Einkommenstransfers der reichen Länder in den Globalen Süden erwiesen sich dagegen aus Sicht des Klimaschutzes als kontraproduktiv, da ab einer bestimmten Einkommensgrenze der Fleischkonsum erfahrungsgemäß deutlich steigt. »Internationale Transfers könnten dennoch wünschenswert sein aus Gründen der globalen und sozialen Gerechtigkeit«, räumt Mitautor David Chen ein. »Ein Wandel der Vorlieben kann durch mehr Erziehung zu Nachhaltigkeit bewirkt werden oder, indem strukturelle Faktoren geändert werden, etwa durch weniger Werbung, Förderungen oder Lobbyismus, für umweltschädliche Produkte.«

In einer pflanzenreicheren Kost sieht er zugleich eine Chance, um Lieferengpässe, wie aktuell durch den Ukraine-Krieg, zu vermindern, denn das meiste Getreide diene als Futtermittel. Diese Sicht teilt auch der Politökonom Lukas Fesenfeld, der an der Eidgenössischen Technischen Hochschule (ETH) Zürich und der Universität Bern zur politischen Machbarkeit einer Transformation in Klima- und Ernährungspolitik forscht. In der PIK-Studie sieht er »einen sehr wichtigen Beitrag dafür, abzuschätzen, wie potenzielle Zielkonflikte bei der Erreichung der Nachhaltigkeitsziele im Ernährungssektor abgemildert werden können.« Die Studie unterstreiche einmal mehr die zentrale Rolle einer umfassenden Transformation des Ernährungssystems, um eine gesunde Ernährung, faire wirtschaftliche Entwicklung und die Klimaziele zu erreichen.
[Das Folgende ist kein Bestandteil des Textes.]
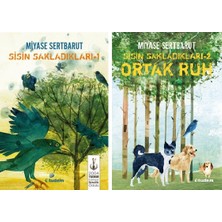 Sisin Sakladıkları 2 Kitap Set - Miyase Sertbarut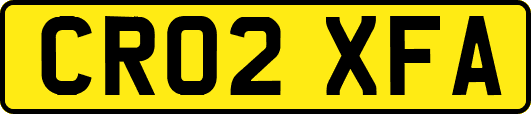 CR02XFA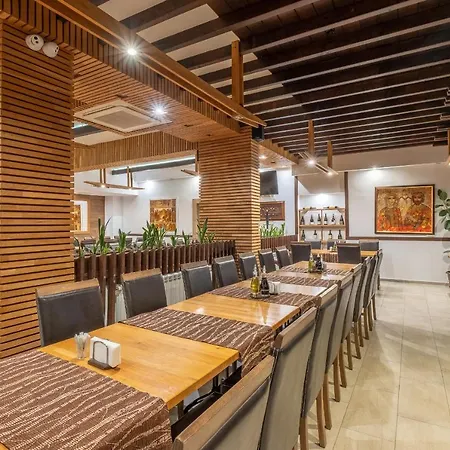 Hotel Park Asenevtsi Veliko Tárnovo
Gemeinsam mit 19 weiteren Wissenschaftler*innen vom PIK, dem Thünen-Institut und anderen deutschen Forschungseinrichtungen verfasste Fesenfeld bereits Ende März einen Offenen Brief zu der drohenden Lebensmittelkrise im Nahen Osten und Teilen Afrikas aufgrund des Ukraine-Krieges mit klaren Handlungsanweisungen. Mittels einer Reduktion des hiesigen Fleischkonsums, der Menge an Nahrungsmittelabfällen und der Produktion von Agrosprit ließe sich diese abwenden. Dabei nehmen sie Bezug auf einen weiteren Aufruf von über 660 internationalen Wissenschaftler*innen: Diese schätzen auf Basis von Daten der Welternährungsorganisation FAO, dass sich der Kollaps der ukrainischen Getreide- und Ölsaatenexporte ausgleichen ließe, indem die europäischen Futtermittel um ein Drittel gekürzt würden.
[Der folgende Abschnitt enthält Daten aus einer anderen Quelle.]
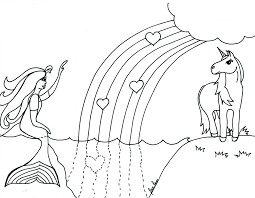 Download Mermaid Unicorn Free Digital Download Graphing Motherhood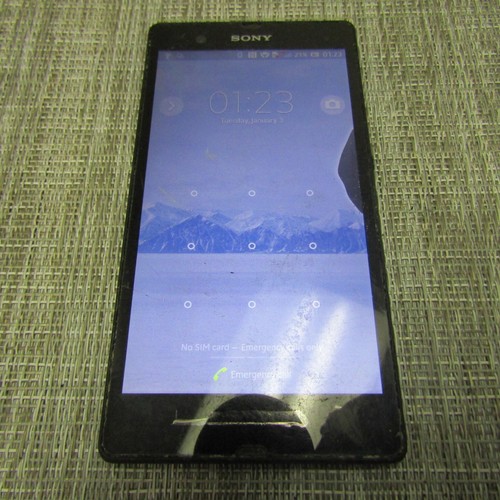 Sony xperia clean - z, (t-mobile)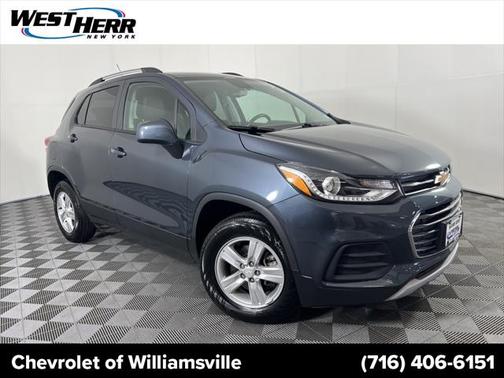 2022 Chevrolet Trax LT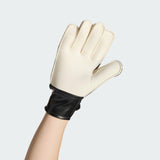 Junior Copa Club Keeper Glove [White/Lucid Red]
»Die Herausforderungen werden durch den Krieg kurzfristig deutlicher sichtbar, aber sie bestehen grundsätzlich, ganz unabhängig davon«, so Fesenfeld. »Man muss Landwirtschafts- und Ernährungspolitik strategisch zusammen denken. Die Landwirte können eine Transition nicht alleine schultern.« Wertvolle Instrumente könnten dabei Umbauprämien sein oder mittelfristig eine Abgabe für Stickstoffüberflüsse. Ärmere Menschen könnten über eine Art Klimadividende entlastet werden, der Konsum pflanzlicher und tierischer Lebensmittel über die Mehrwertsteuer gelenkt werden.
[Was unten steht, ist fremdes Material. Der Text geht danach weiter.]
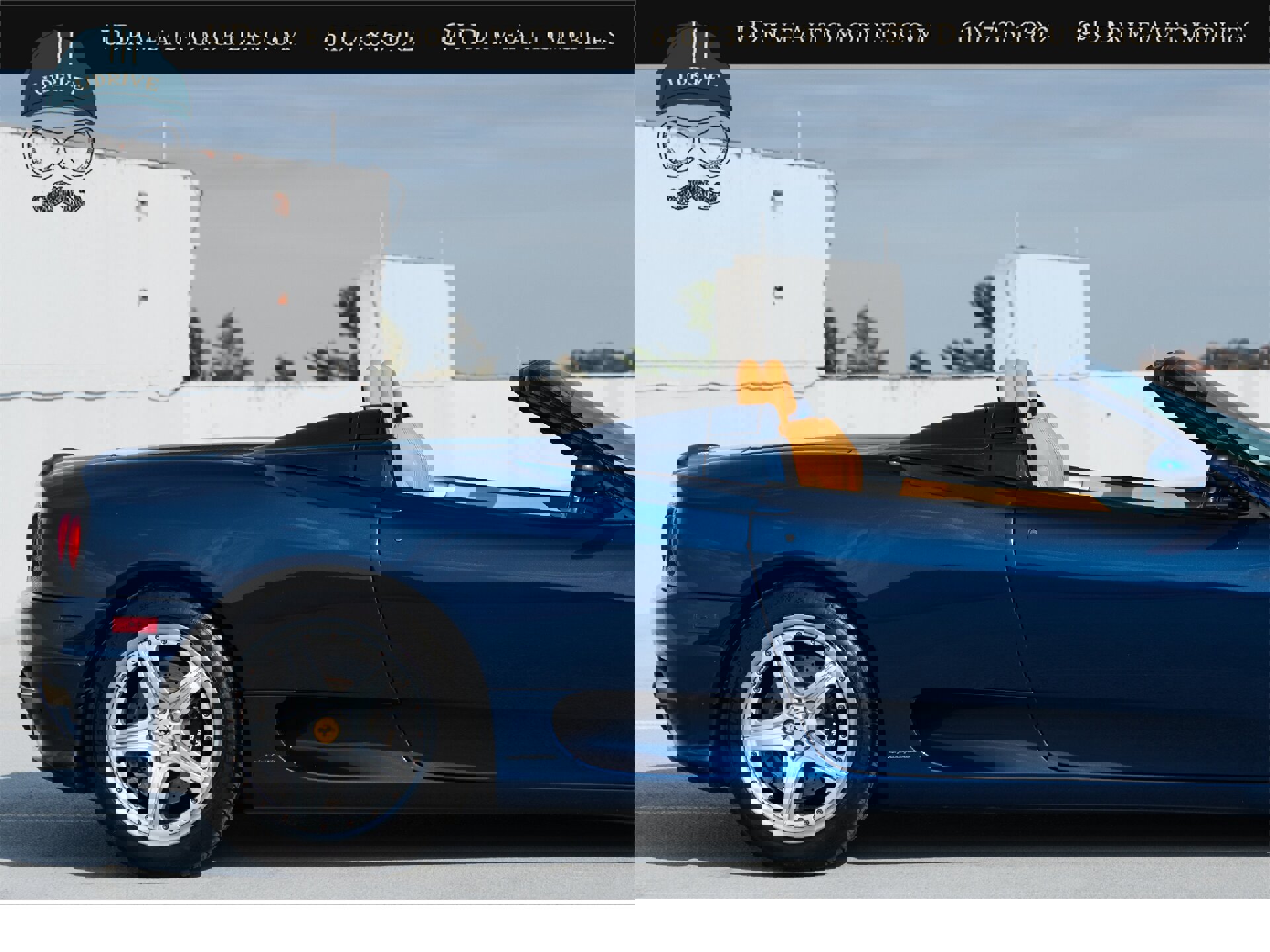 Used 2004 Ferrari 360 Spider image 18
Der Postwachstumstheoretiker Niko Paech betont die zentrale Bedeutung sozialer Innovationen für eine Agrarwende, die zum Klimaschutz beiträgt und uns vor Krisen schützt. Die Konsument*innen sollten am Produktionsprozess beteiligt werden, etwa durch gemeinschaftsgetragene Wirtschaftsformen wie Urban Gardens oder Solidarische Landwirtschaft. »Etwa 50 Prozent der in Europa erzeugten Nahrungsmittel werden zu Abfall. Mehr Achtsamkeit lässt sich nur bei jenen erzielen, die ein direktes Verhältnis zur Erzeugung oder wenigstens zum Erzeuger von Nahrungsmitteln aufbauen«, so Paech.